World Cup Shuttle Ride
Probability; Difficulty: medium
World Cup Shuttle Ride
I’ve adapted and extended this puzzle from a Winkler question I came across some time ago. The counter intuitive answer makes this interesting. This submission was featured in the Dec 2nd Riddler Classic with Mexico replaced by the Netherlands since my prediction proved incorrect.
It is USA vs. Mexico in the quarterfinals of the FIFA World Cup in Qatar (a possibility and perhaps a prediction), renewing a famous soccer rivalry. The 11 Americans and 7 Mexicans fans at the Dusit Hotel aware that there’s no beer available at the stadium have spent quite some time at the hotel bar and can’t wait to get to the stadium. They have haphazardly put their room nos. down in no particular order on a big board by the Concierge desk for a hotel shuttle to ferry them to the game.
To avoid the possibility of any brawls between rival fans, shuttle drivers have been instructed to ferry the fans separately. To ensure this, a shuttle pulls up front and calls out room nos. one by one at random from the disorderly list on the board (presumably to create a semblance of following a queue) but only as long as they are fans of the same team. These fans’ room nos. are then crossed out on the board. Once they get a fan of the second team, they send that person back and the shuttle leaves with the fans of the single team aboard. The next shuttle then pulls up and repeats the process calling out room nos at random from those left on the board.
A: What is the probability that the last shuttle ferries American fans?
B: What is the expected number of shuttle buses/trips required to ferry the 18 fans?
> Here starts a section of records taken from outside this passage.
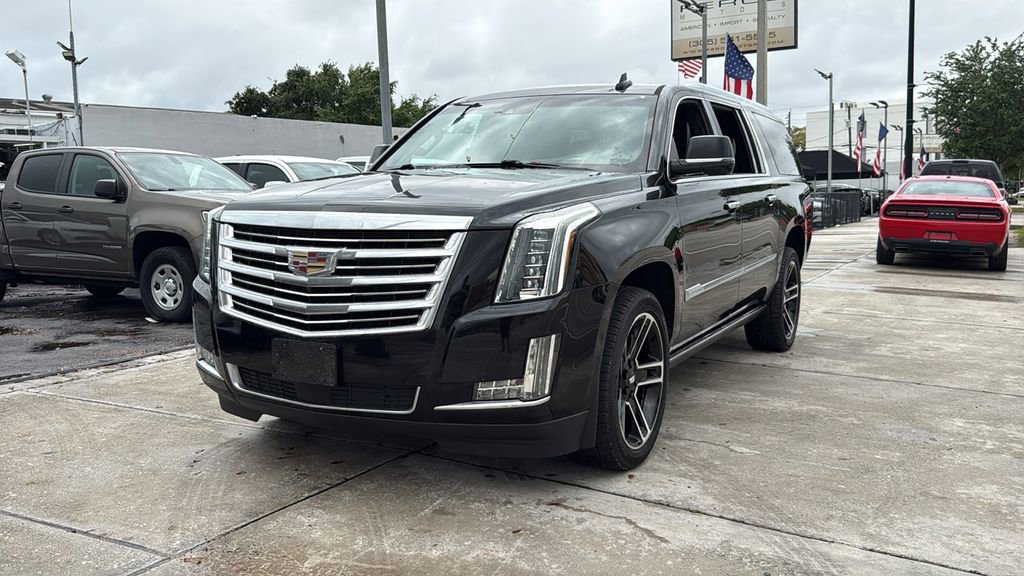 Used 2018 Cadillac Escalade ESV Platinum AWD/4WD image 11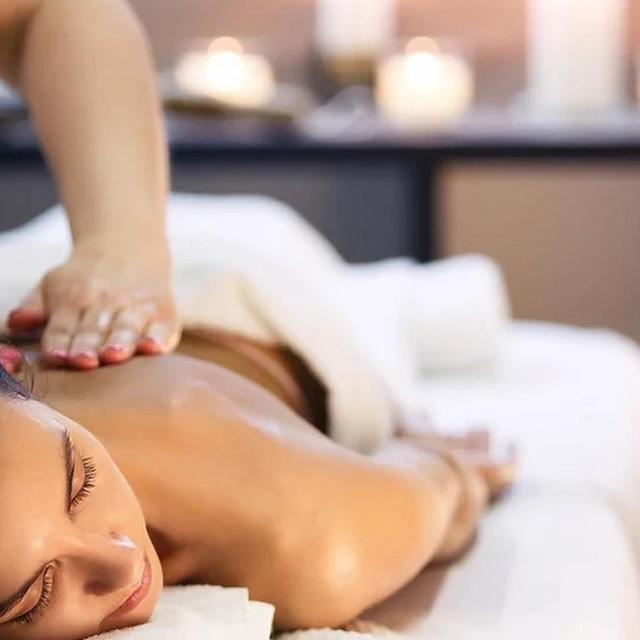 Massage class at Sandals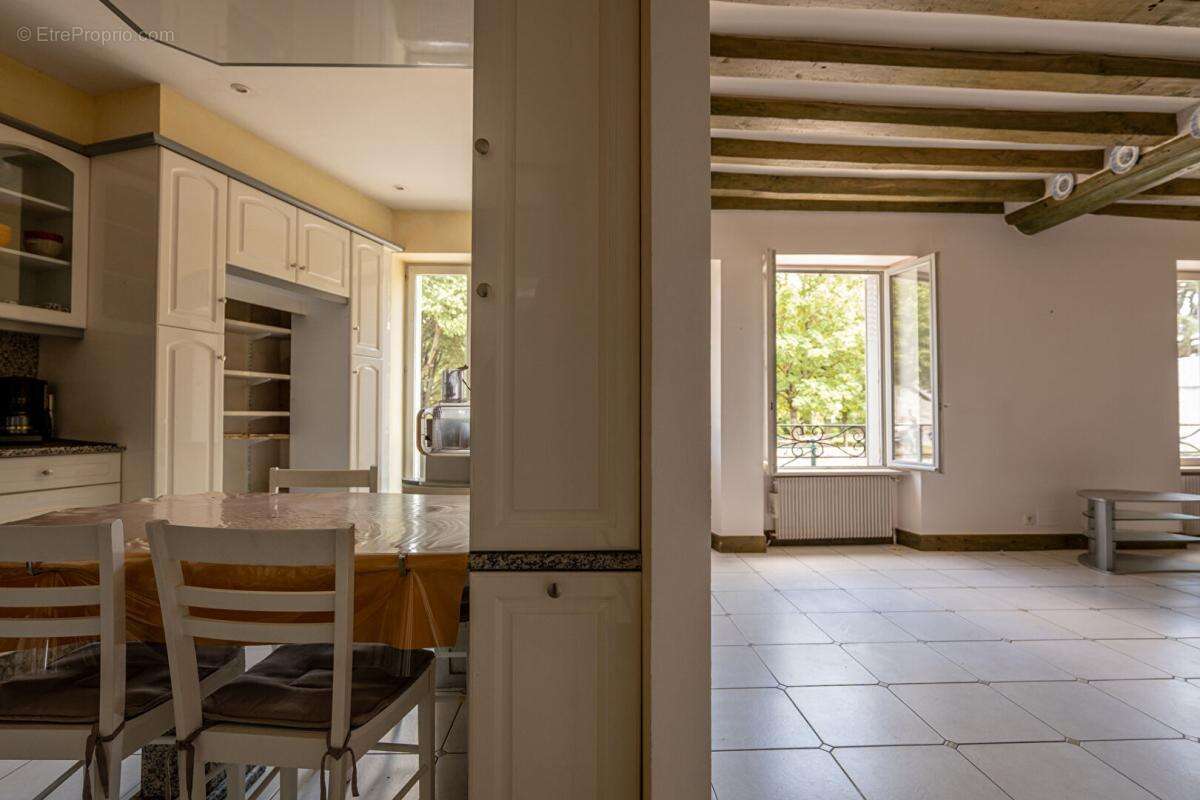 Lieux uniques ® x propriétés privées ® maison de maitre de 115 m², cour, garage 35 m² beaugency centre - photo 5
*spoiler alert* solution and answer follow below
Solution to part A:
It might be tempting to assume that since there are more Americans than Mexicans, that the probability of the last shuttle carrying Americans is greater than 50% and is \(\displaystyle{\frac{11}{11+7}} = \displaystyle{\frac{11}{18}} \). This would be the right answer if there was just one single random ordering of the 18 fans. The key here is that once a choice results in an opposing team fan being selected, the process effectively starts again—with the smaller group of fans left! Consequently, the probability is the same 50% that the last shuttle ferries Americans as it does Mexicans. Here’s why:
Solution 1: It is clear that we will need 2 shuttles at the minimum. Now as we review any sequence of fans and shuttles, there has to be a point where only two more shuttles are needed and \(a \) American and \(m\) Mexican fans left. At this point, knowing that there are two more shuttles, the possible sequence is \(a\) Americans and then \(m\) Mexicans or vice versa. And since these behave as two blocks, the probability of each is the same. And since any real sequence of fans and shuttles has to reach a point with two shuttles needed, there is equal probability that the last shuttle carries Americans as Mexicans! Not convinced? There’s another proof below.
Solution 2 (Induction): That the probability of the last shuttle ferrying Americans is the same as last being Mexican, is obviously true when you have one of each i.e. \(a = 1\) and \( m = 1 \) . Assume this is true for a particular \(a, m\) and all values smaller than \(a,m >1\). Now consider case \(a+1,m\). What follows easily applies to the case \(a, m+1\).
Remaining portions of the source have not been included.